Hong Kong’s top court on Tuesday ordered media and business mogul Jimmy Lai charged with fraud and colluding with foreign forces to stay behind bars, media reports said.
The court’s decision was attributed to National Security Law, according to the South China Morning Post, SCMP.
Earlier, a judge had released him on an HK Dollar 10 million bond (1.29 million dollars) bail.
As per the new rulings, Chief Justice Andrew Cheung Kui-nung said the earlier order was an erroneous interpretation of key provisions in the National Security Law.
However, he said Lai might apply for bail once again at the High Court, as the Court of Final Appeal lacked jurisdiction to handle his application.

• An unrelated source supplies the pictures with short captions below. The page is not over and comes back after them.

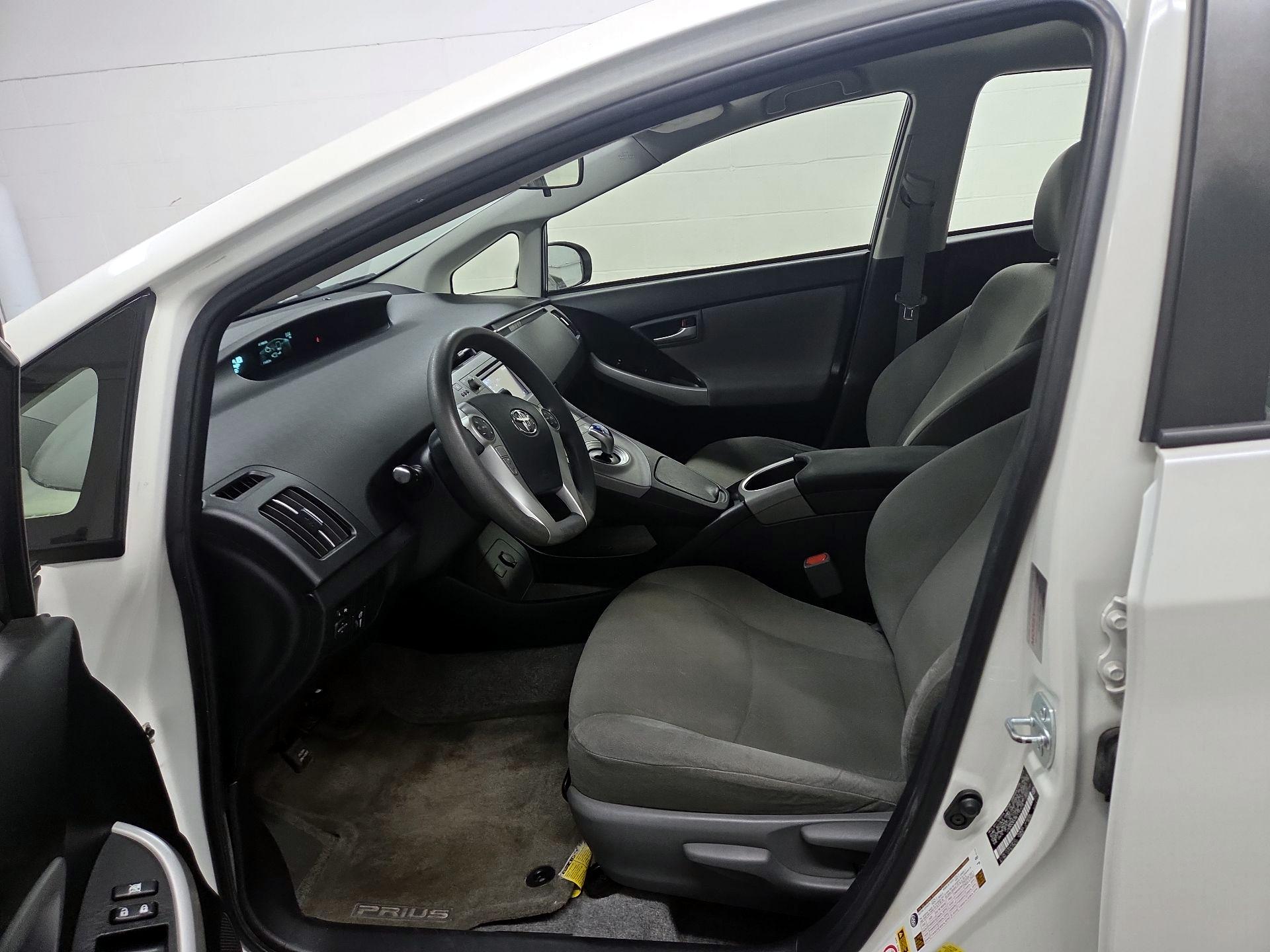 Thumbnail: 2014 Toyota Prius - 11
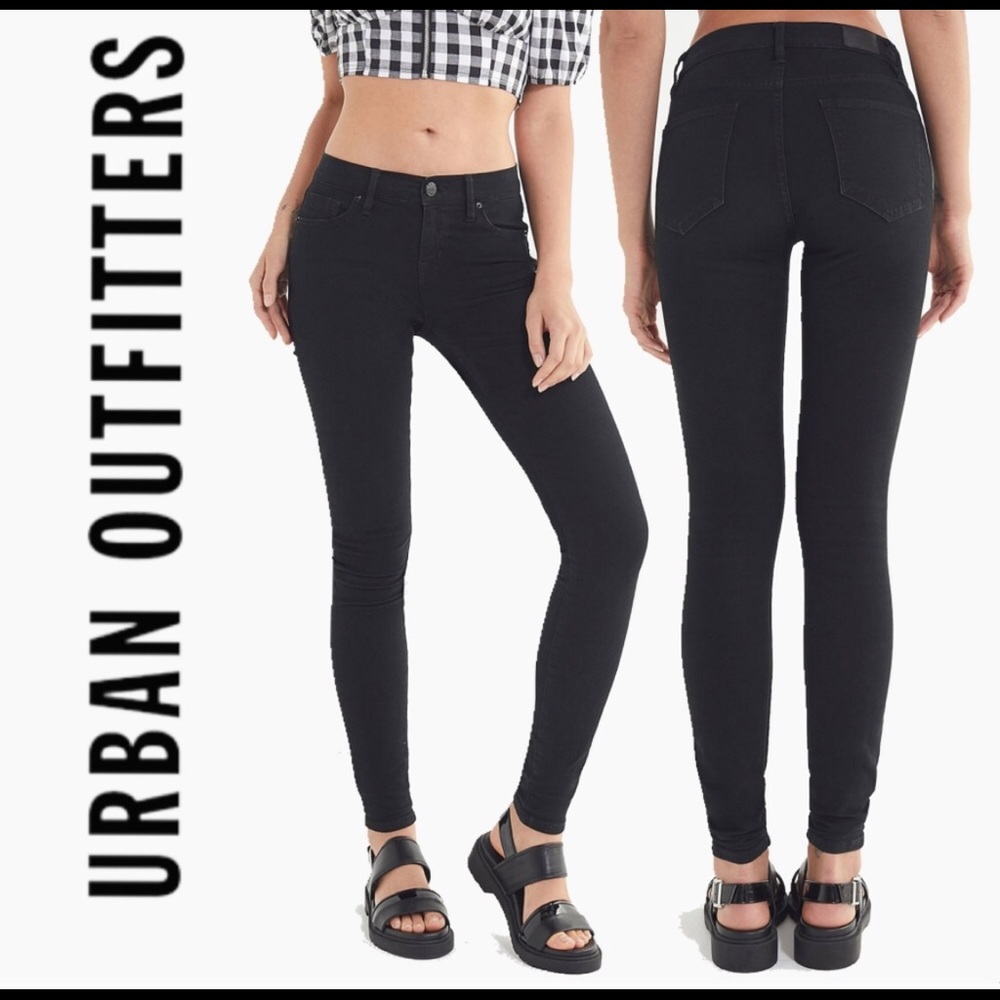UO BDG | BLACK MID RISE TWIG ANKLE JEANS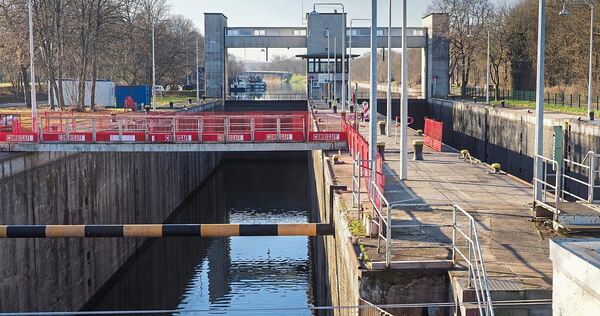 Neckarschleuse in Pleidelsheim: Für 135 Meter lange Schiffe ist hier aktuell kein Platz.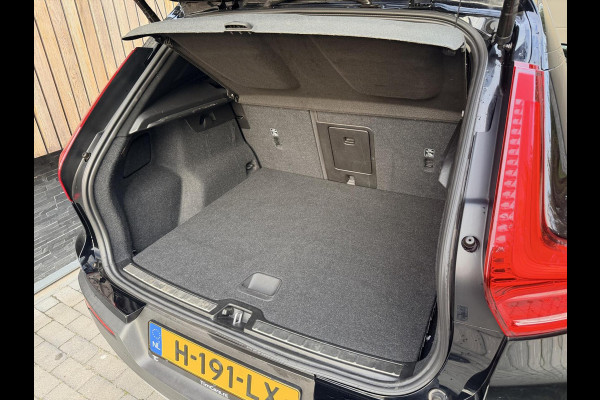 Volvo XC40 1.5 T5 Twin Engine Inscription Automaat | Leren bekleding | LED verlichting | Stoelverwarming | Getint glas | 19 inch lichtmetal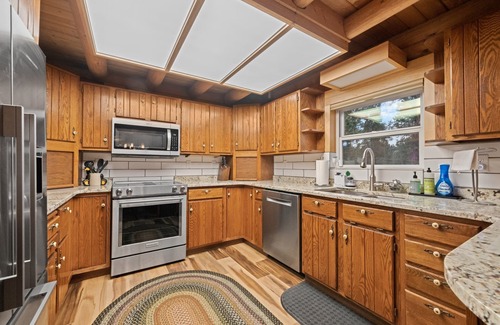 Divide Cabin | New & Discounted! Cozy Log Cabin on 5 Acres w/Pikes Peak View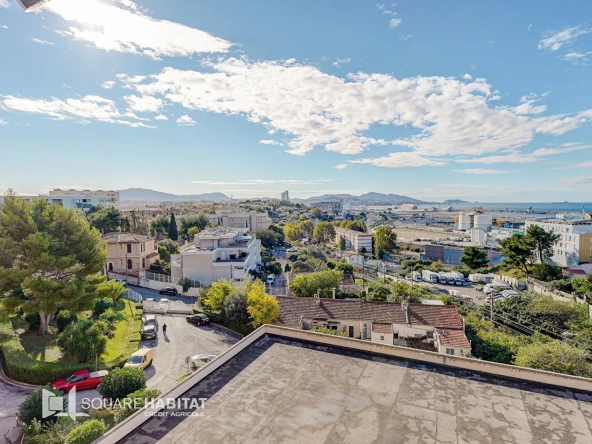 Appartement 4 pièces avec vue mer à Marseille - 73m²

Lai, founder of the Next Digital media group and the tabloid-style Apple Daily newspaper, was placed under house arrest on Dec. 23 after the High Court ruled he had an arguable defence for both charges and was unlikely to abscond.
He resigned as Next Digital’s chairman and executive director two days before the Court of Final Appeal sent him back to jail on New Year’s Eve.
That decision was made after the top court ruled prosecutors could appeal against the lower court’s reading of Article 42(2) of the Beijing-imposed security law, which also criminalises acts of secession, subversion and terrorism.
The clause specifies that “no bail shall be granted to a criminal suspect or defendant unless the judge has sufficient grounds for believing [they] will not continue to commit acts endangering national security.”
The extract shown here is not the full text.